This is an automated email from the ASF dual-hosted git repository.
xuanwo pushed a commit to branch main
in repository https://gitbox.apache.org/repos/asf/opendal.git
The following commit(s) were added to refs/heads/main by this push:
new 577912dfe refactor: remove uuid dependency when creating a temp path
(#6324)
577912dfe is described below
commit 577912dfeaa2fcdb0de794607d8c45bf76cb419b
Author: Erick Guan <[email protected]>
AuthorDate: Sun Jun 22 05:24:03 2025 +0200
refactor: remove uuid dependency when creating a temp path (#6324)
---
core/src/raw/path.rs | 69 +++++++++++++++++++++++++++++++++++++++
core/src/services/fs/backend.rs | 20 ------------
core/src/services/fs/core.rs | 31 +++++-------------
core/src/services/ftp/backend.rs | 9 +----
core/src/services/hdfs/backend.rs | 18 +++-------
5 files changed, 83 insertions(+), 64 deletions(-)

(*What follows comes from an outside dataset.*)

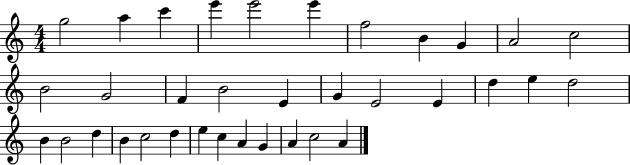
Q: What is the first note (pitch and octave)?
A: G5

diff --git a/core/src/raw/path.rs b/core/src/raw/path.rs
index c49c94e3e..55733f47c 100644
--- a/core/src/raw/path.rs
+++ b/core/src/raw/path.rs
@@ -16,6 +16,7 @@
// under the License.
use crate::*;
+use std::hash::{BuildHasher, Hasher};
/// build_abs_path will build an absolute path with root.
///
@@ -210,6 +211,49 @@ pub fn get_parent(path: &str) -> &str {
}
}
+// Sets the size of random generated postfix for random file names
+const RANDOM_TMP_PATH_POSTFIX_LENGTH: usize = 8;
+// Allowed characters for choices in a random-generated char
+const CHARS: &[u8] =
b"ABCDEFGHIJKLMNOPQRSTUVWXYZabcdefghijklmnopqrstuvwxyz0123456789";
+const CHARS_LENGTH: u64 = CHARS.len() as u64;
+
+/// Build a temporary path of a file path.
+///
+/// `build_tmp_path_of` appends a dot following a random generated postfix.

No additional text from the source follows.